■ TRY IT
The whole listing, exactly as given: write it out, leaving out each image.

----- DATA SHOWN -----

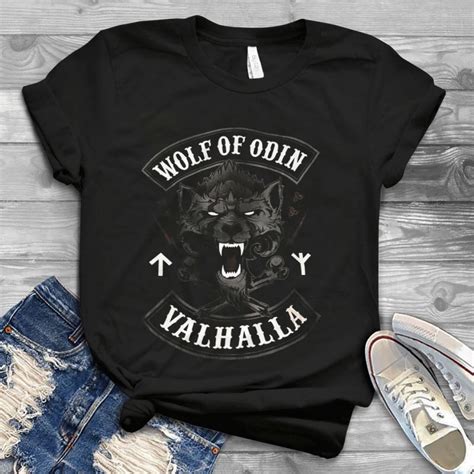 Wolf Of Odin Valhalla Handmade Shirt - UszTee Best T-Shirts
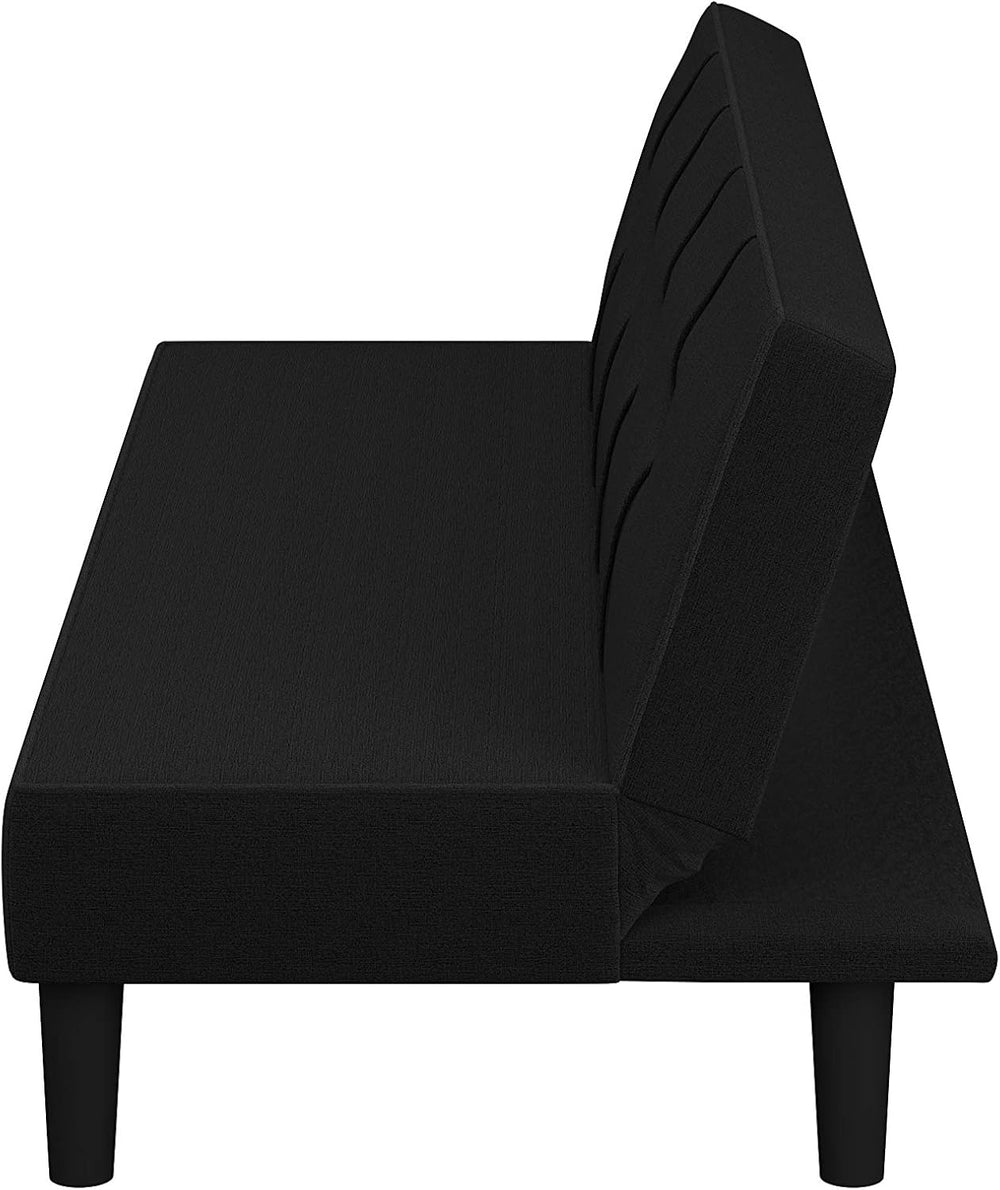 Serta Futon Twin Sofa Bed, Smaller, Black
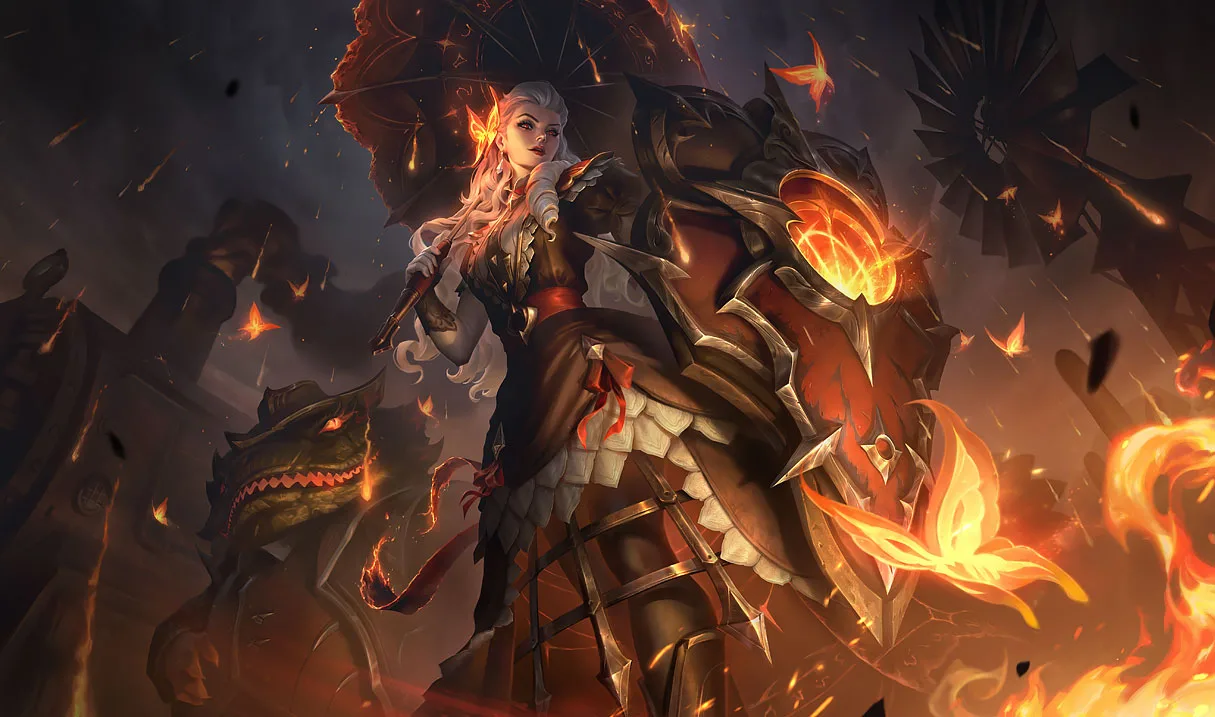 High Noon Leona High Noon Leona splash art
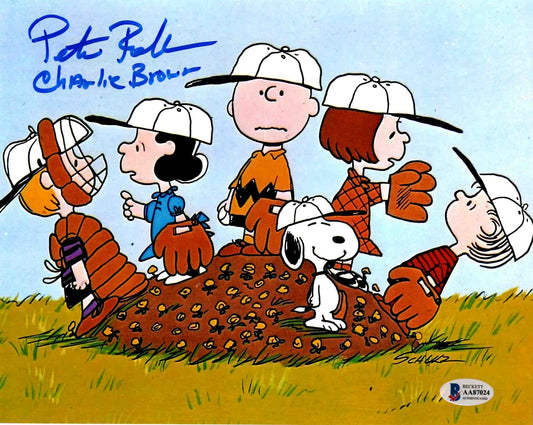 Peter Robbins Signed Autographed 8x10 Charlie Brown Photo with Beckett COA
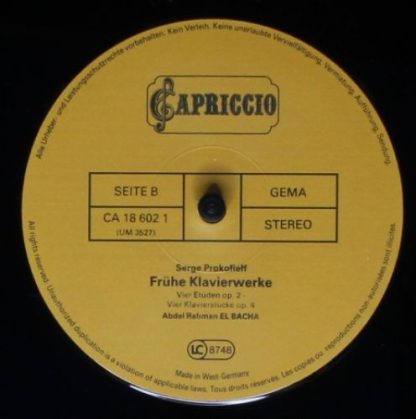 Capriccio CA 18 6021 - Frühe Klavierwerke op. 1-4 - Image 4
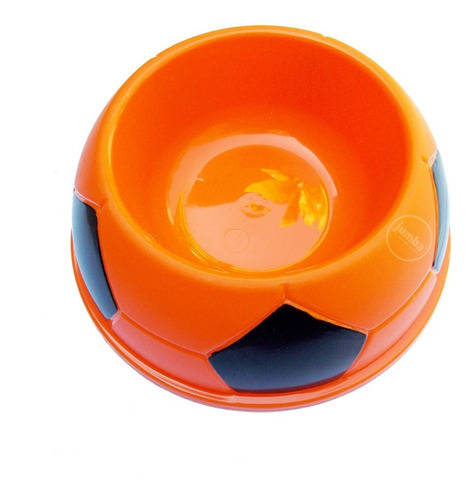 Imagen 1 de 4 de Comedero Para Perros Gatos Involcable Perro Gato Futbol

-----

■ EXERCISE RESPONSE
 Wolf Of Odin Valhalla Handmade Shirt - UszTee Best T-Shirts
 Serta Futon Twin Sofa Bed, Smaller, Black
 High Noon Leona High Noon Leona splash art
 Peter Robbins Signed Autographed 8x10 Charlie Brown Photo with Beckett COA
 Capriccio CA 18 6021 - Frühe Klavierwerke op. 1-4 - Image 4
 Imagen 1 de 4 de Comedero Para Perros Gatos Involcable Perro Gato Futbol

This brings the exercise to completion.